Greenspring alleges that the County has effectively taken its property without just compensation in violation of the Fifth and Fourteenth Amendments to the United States Constitution.4 The facial and most of the variations of the "as applied" takings claims fail, among other reasons, because Greenspring does not have any constitutionally protected property interest that was affected by the County's enactment and application of the zoning laws and regulations at issue. Furthermore, while I shall assume, for the purposes of the pending motion, that Greenspring does have a constitutionally protected property interest insofar as it claims an entitlement to a nondiscretionary exemption from the Ordinance (as provided in Section 2 thereof), this "as applied" claim also fails because Greenspring does not sufficiently allege that it has been deprived of substantially all of the economic value of its property in consequence of its failure to obtain the desired exemption.

Facial Taking

Greenspring contends that the enactment of the height and floor area ratio restrictions of the Ordinance on their face effectively deprived it of "all or substantially all of the economic use and/or value" of its property.5 Second Amended Complaint at ¶¶ 45, 47, and 60. However, Greenspring has no constitutionally protected property right in the airspace or anything else which was affected by the Ordinance, so it fails to state a claim that the County took something from it by enacting the Ordinance.

Since 1909, the Supreme Court has upheld height restrictions on buildings which a state or local legislative body reasonably concluded promoted "the health, safety, morals, or general welfare." Welch v. Swasey, 214 U.S. 91, 29 S.Ct. 567, 53 L.Ed. 923 (1909). Even in the absence of height restrictions, the Supreme Court in Penn Central Transportation Co. v. City of New York, 438 U.S. 104, 130, 98 S.Ct. 2646, 57 L.Ed.2d 631 (1978), made it clear that no "taking" is established "simply by showing that [plaintiffs] have been denied the ability to exploit a property interest [in air space] that they heretofore had believed was available for development ...."6 As in Penn Central, Greenspring continues to be able to use its building as it has in the past, and the Ordinance does not prohibit all air development, just development higher than 35 feet.

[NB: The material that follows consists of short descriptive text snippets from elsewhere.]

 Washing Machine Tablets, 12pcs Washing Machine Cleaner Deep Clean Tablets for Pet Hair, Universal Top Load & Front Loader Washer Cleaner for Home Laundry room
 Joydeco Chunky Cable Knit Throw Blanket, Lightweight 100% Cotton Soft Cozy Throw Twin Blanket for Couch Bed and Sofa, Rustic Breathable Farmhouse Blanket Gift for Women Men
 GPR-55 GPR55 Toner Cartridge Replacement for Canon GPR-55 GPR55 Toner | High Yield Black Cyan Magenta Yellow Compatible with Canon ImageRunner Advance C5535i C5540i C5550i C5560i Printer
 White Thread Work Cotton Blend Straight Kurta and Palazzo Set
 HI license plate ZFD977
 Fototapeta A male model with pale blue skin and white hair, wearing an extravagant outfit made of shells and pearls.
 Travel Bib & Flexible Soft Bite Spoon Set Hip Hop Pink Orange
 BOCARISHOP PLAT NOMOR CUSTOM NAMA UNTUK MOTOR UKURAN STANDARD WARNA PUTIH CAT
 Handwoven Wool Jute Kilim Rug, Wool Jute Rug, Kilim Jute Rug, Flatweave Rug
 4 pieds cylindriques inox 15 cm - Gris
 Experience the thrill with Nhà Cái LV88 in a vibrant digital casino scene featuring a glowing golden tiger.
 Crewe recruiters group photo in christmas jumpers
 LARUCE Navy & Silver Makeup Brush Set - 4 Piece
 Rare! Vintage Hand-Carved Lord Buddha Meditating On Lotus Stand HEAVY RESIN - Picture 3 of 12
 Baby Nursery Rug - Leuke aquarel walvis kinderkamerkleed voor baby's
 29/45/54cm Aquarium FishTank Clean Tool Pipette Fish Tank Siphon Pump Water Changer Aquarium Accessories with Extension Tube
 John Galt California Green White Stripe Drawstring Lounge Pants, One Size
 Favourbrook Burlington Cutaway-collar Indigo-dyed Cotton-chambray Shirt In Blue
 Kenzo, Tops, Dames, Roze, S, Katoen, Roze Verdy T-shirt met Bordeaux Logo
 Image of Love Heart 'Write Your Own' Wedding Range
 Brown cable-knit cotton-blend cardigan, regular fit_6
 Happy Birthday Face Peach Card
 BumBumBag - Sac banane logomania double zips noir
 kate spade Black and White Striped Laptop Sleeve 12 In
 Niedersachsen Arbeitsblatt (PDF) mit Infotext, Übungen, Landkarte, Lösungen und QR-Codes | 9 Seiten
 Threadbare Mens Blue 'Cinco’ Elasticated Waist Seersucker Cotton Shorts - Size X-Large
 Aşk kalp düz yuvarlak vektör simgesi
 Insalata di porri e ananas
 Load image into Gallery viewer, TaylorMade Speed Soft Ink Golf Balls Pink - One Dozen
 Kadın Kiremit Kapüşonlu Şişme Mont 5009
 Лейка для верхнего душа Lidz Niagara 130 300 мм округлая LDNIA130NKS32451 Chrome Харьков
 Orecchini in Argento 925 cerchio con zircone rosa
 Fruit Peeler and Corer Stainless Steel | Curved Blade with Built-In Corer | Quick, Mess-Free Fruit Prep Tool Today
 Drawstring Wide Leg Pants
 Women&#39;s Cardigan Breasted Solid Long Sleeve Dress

Moreover, the rationales cited by the County to support its enactment of the Ordinance clearly fall within those recognized by the courts as reasonable bases for zoning laws. See Sylvia Dev. Corp. v. Calvert County, 48 F.3d 810, 828-29 (4th Cir.1995)(holding that proper bases for zoning determinations include concern about further growth in rural areas, residential density, community aesthetics, traffic congestion, and water supplies). In urging passage of the Ordinance, County Councilman T. Bryan McIntire explained that the height and floor area ratio restrictions would have esthetic benefits, would decrease...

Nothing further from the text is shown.